# [Directions]
The data below is to be transcribed word for word; pictures are to be excluded.

[Captioned web image data]
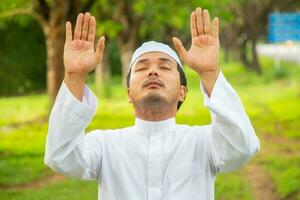 asiatischer muslimischer mann betet allah, gott des islams, während er die arme erhebt foto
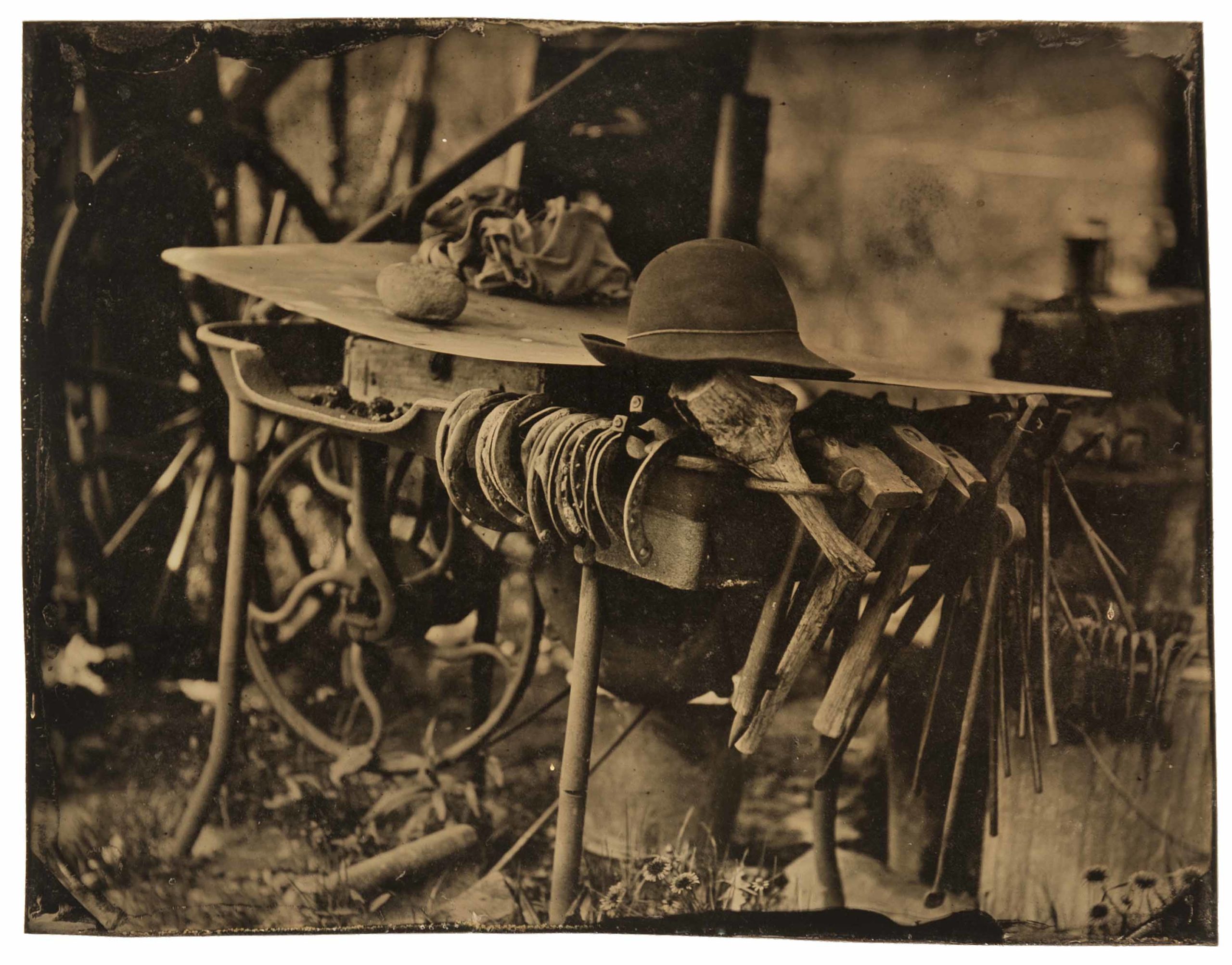 
		                					John Coffer		                																	
																											<i>My Hat on My Forge,</i>  
																																								2005, 
																																								tintype, 
																																								4 x 5 1/4 inches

# [Solution to this task]
 asiatischer muslimischer mann betet allah, gott des islams, während er die arme erhebt foto
		                					John Coffer		                																	
																											<i>My Hat on My Forge,</i>  
																																								2005, 
																																								tintype, 
																																								4 x 5 1/4 inches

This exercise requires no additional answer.